Following regulatory guidance and general corrosion principles, SI has partnered with EnhanceCo to develop a program to properly evaluate the possibility of deactivating the threat of internal corrosion on gas pipelines. Upon the successful completion of the Internal Corrosion Direct Assessment (ICDA) process or an in-line inspection (ILI) with no instances or indications of internal corrosion, the implementation of a comprehensive internal corrosion monitoring program for affected pipeline systems is recommended.
A monitoring program would still be recommended if an ICDA or ILI discovered indications of internal corrosion, however, the monitoring program would have additional requirements. After completing a baseline assessment, there are multiple elements considered best practices for conducting subsequent internal corrosion assessments and monitoring:
Gas Composition Analysis (moisture, CO2, O2, total sulfur, and H2S)

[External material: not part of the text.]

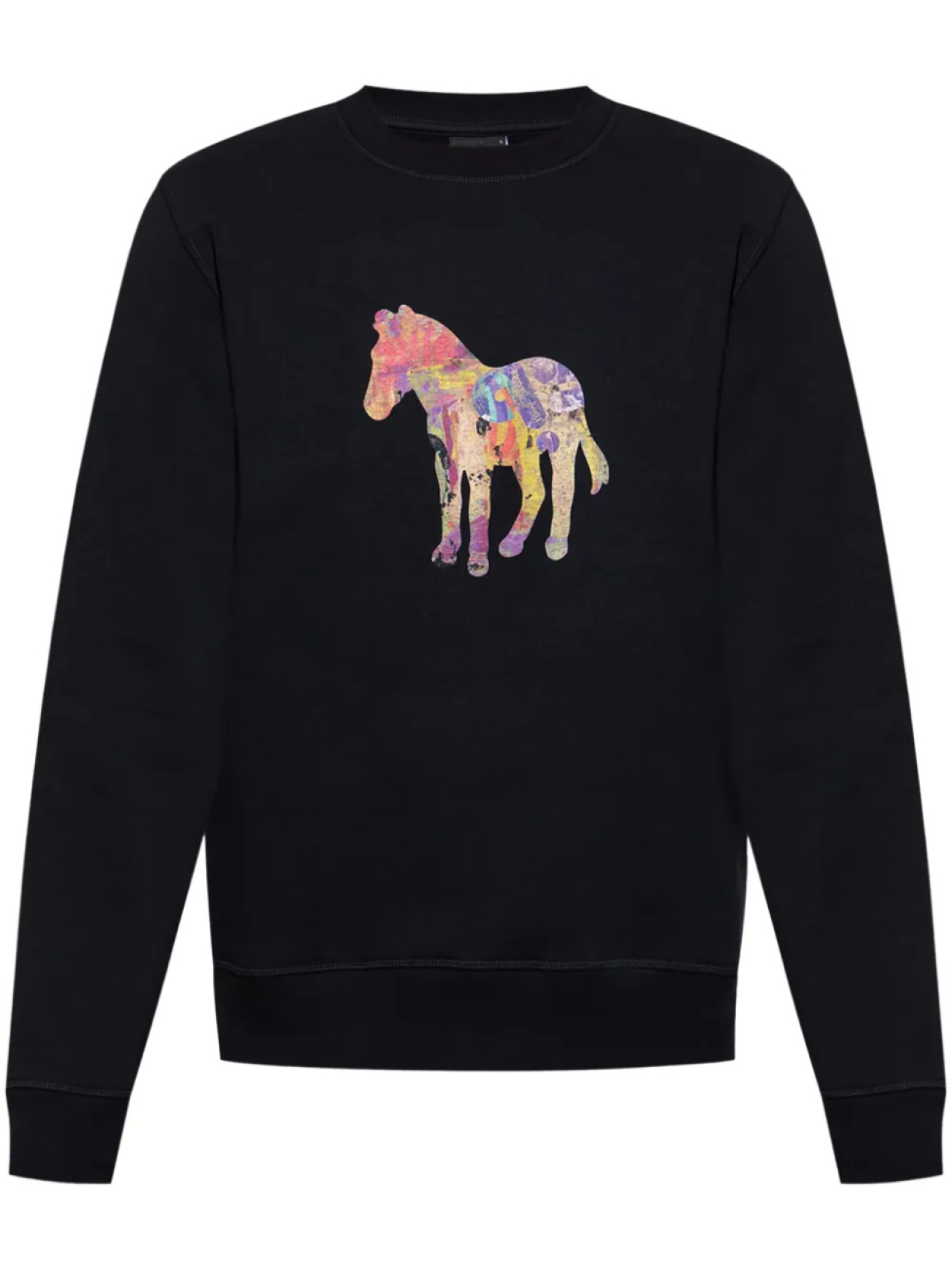 

Толстовка с логотипом PS Paul Smith, черный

This analysis can be conducted using portable analyzers, stain tubes, or on-line monitoring equipment (gas chromatographs). Criteria must be established, and data should be periodically reviewed to ensure the criteria is achieved to exclude the threat of internal corrosion.

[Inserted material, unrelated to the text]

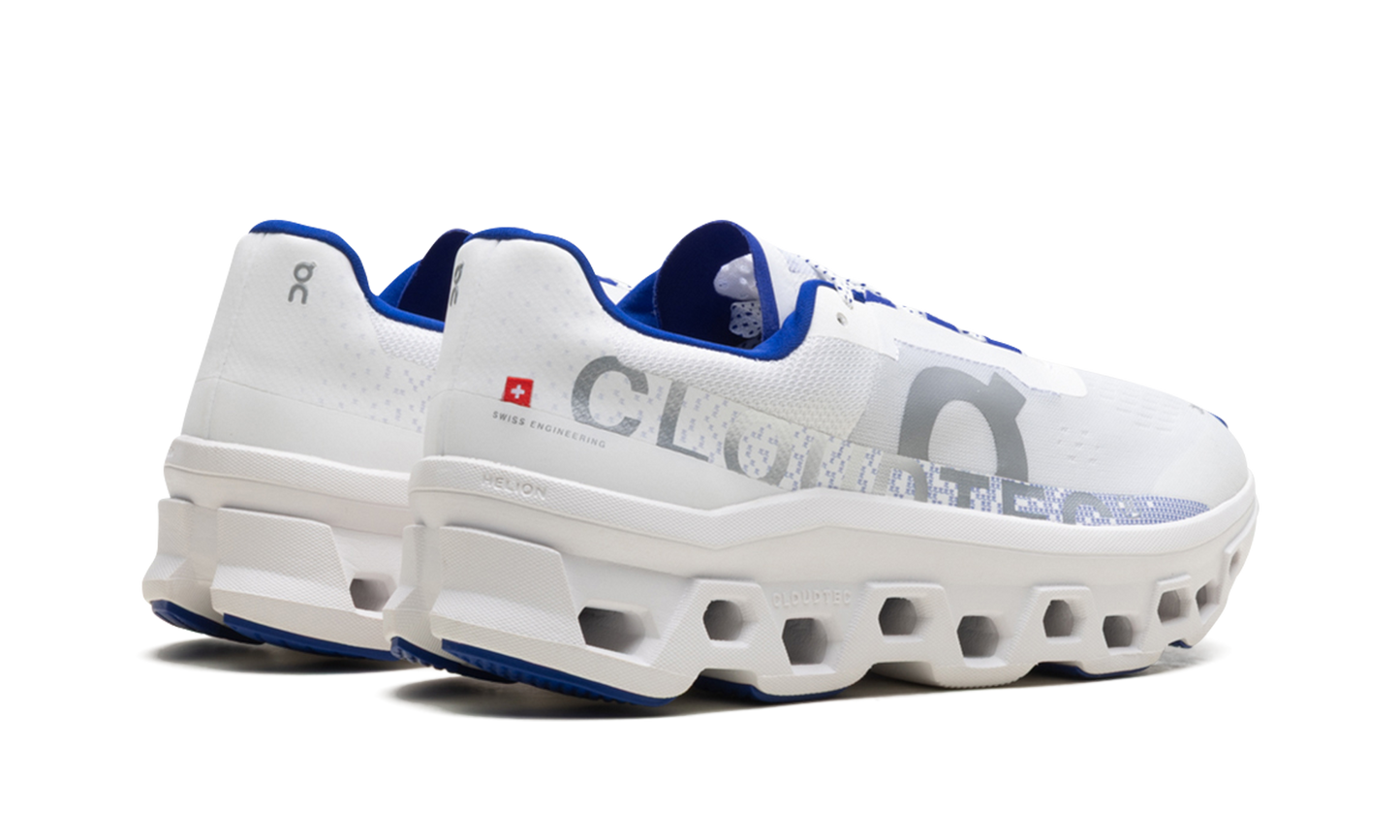 Cloudmonster 'Lunar New Year' White Indigo "WHITE BLUE"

Corrosion Rate Analysis (Electrical Resistance (ER) probes, Coupled Multiple Array Sensor (CMAS) probes, coupons, etc.)
This analysis is conducted by using weight loss coupons, electrical resistance (ER) probes, coupled multi-array sensor (CMAS) probes, or other corrosion rate monitoring equipment. Coupons should be removed and analyzed at a minimum of twice per year. ER, and CMAS probes will provide significantly more resolution and can be monitored connected to an existing supervisory control and data acquisition (SCADA) system for continuous monitoring.

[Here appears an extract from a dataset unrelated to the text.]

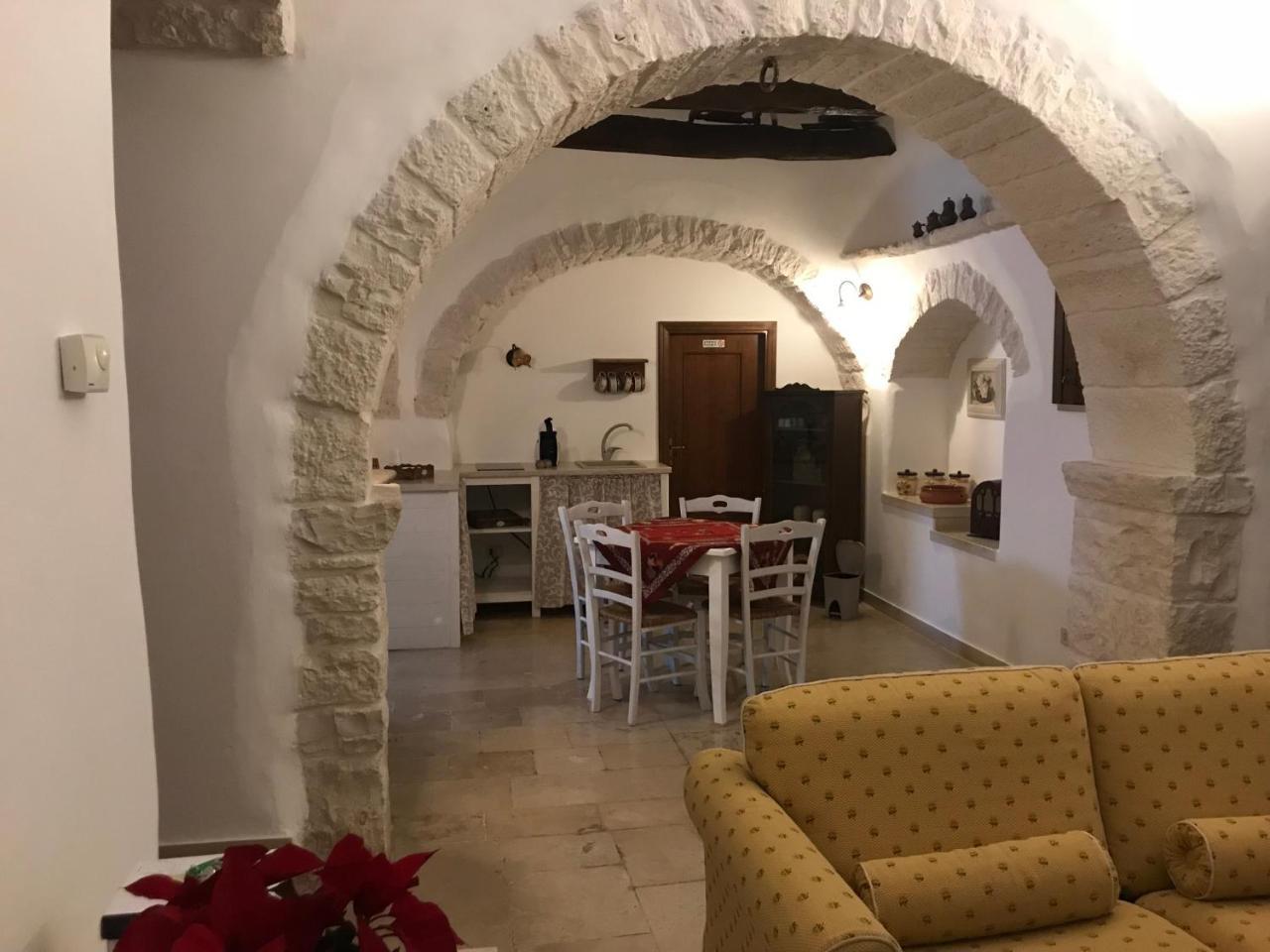 Apartmán A Due Passi Dal Centro - Trullo Alberobello Exteriér fotografie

Liquids and Solids Analysis Liquids and solids, when detected, should be collected for analysis whenever piping and/or equipment is opened for inspections such as ILI operations, drip blowing or internal inspections. Sampling and analysis of this material provide invaluable information regarding the presence of corrosion by-products.
Internal Examination Records Internal surface examination records provide direct evidence to the existence or absence of internal corrosion. The internal surface of a pipeline or vessel should be examined anytime it is opened or removed from service.
Excavations and NDT Analysis Excavations done during routine maintenance, leak inspection, or integrity assessments provide an opportunity to perform NDT inspections to ascertain the possibility of internal corrosion.
Leak or Rupture Repair Records Available leak or rupture records shall be evaluated for internal corrosion listed as the root cause. Multiple assessment elements are recommended for proper implementation of an Internal Corrosion (IC) monitoring program to ensure that all factors that could influence the threat of internal corrosion are accounted for in the program.
The deposits were primarily composed of Fe, S, O, C, Al, Mg, Si, S, K, Ca and Mn. Presence of iron and sulfur is consistent with iron sulfide corrosion products. The source of these deposits is from the gas supplier’s line as the probe is mounted just downstream of the station inlet.
The presence of aluminum, magnesium, silica, potassium, and calcium (Al, Mg, Si, K and Ca) are common elements found in water or dirt and can react or otherwise precipitate out of solutions as a myriad of fine solids like calcium carbonate, and silicates as the moisture content drop.